Best for: Golfers combining Venice with something genuinely unusual. Links-style conditions in Italy.
Terre dei Consoli Golf Club
Robert von Hagge built Terre dei Consoli on the volcanic plateau north of Rome with an American resort sensibility: generous landing areas, dramatic bunkering, and water features on nine holes. The design takes its character from the surrounding Lazio countryside — lava stone walls, umbrella pine groupings, and the distant profile of Monte Cimino — rather than from architectural ambition alone. It lacks the prestige of Biella or Castelconturbia but it is genuinely enjoyable to play, well maintained, and realistically priced for visitors staying in Rome. Adding a round here to a Rome city trip requires a 40-minute drive up the Via Cassia; manageable before or after the main sightseeing schedule.
Best for: Golfers on a Rome trip who want a proper round rather than a hotel-adjacent executive course.

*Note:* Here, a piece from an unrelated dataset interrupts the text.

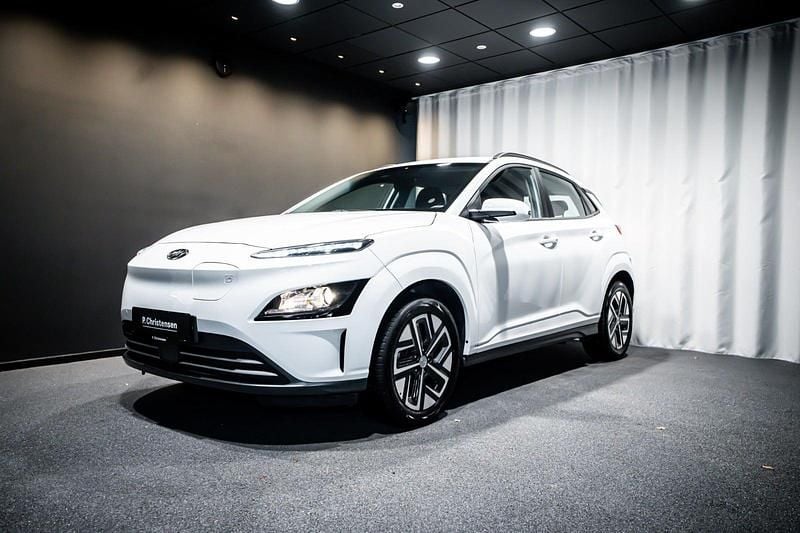 Farve: hvid Brugt 2022 Hyundai Kona Select SUV | 119.900 kr. (God pris) - Billede 1/4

How to plan an Italy golf trip
The geography of Italian golf makes multi-destination trips slightly more complex than Portugal or Spain. Piedmont is the standout region: Biella, Castelconturbia, Bogogno, and I Roveri are all within 90 minutes of Turin Caselle airport, making a five-round week entirely workable from a single base. Milan Malpensa gives access to the same courses plus Le Robinie and a handful of Lombardy options, with the obvious advantage of a major international hub.

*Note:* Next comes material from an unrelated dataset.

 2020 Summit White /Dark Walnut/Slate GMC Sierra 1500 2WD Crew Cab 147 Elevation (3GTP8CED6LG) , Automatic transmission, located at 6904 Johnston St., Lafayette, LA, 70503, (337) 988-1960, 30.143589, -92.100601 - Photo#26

Rome is a different proposition. Marco Simone and Terre dei Consoli give you two rounds of genuine quality within 40 minutes of the city centre. Adding a third from the Umbria or Lazio coast extends the trip nicely, but Rome-based golf is best combined with three or four days of sightseeing rather than treated as a pure golf week.

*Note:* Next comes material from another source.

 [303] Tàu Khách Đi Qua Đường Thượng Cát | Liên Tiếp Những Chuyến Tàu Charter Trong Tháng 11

Best months: April, May, September, and October. The summer heat — particularly in Lazio and Tuscany — makes July and August uncomfortable for afternoon rounds. Piedmont is more forgiving in summer given its altitude, but even there, early morning tee times are advisable. The shoulder seasons deliver cooler temperatures, softer fairways after any autumn rain, and less competition for tee times at the private clubs.
Private club access: Four courses on this list — Biella, Castelconturbia, I Roveri, and Golf Club Venezia — operate as genuine private clubs requiring either membership or a letter of introduction from your home club. This is not a serious obstacle but it requires advance organisation. Booking through DGE removes the friction entirely; we have established relationships with the secretariats of all four clubs and arrange visitor access as part of any Italy itinerary.
Travel logistics: Renting a car is strongly advisable for any Piedmont golf trip. Train connections between Turin and the Novara area exist but require onward taxis to most courses. For Rome, a driver service makes more sense given parking constraints in the city itself. A structured itinerary with transfers built in from the outset prevents the kind of logistical drift that turns good golf trips into frustrating ones.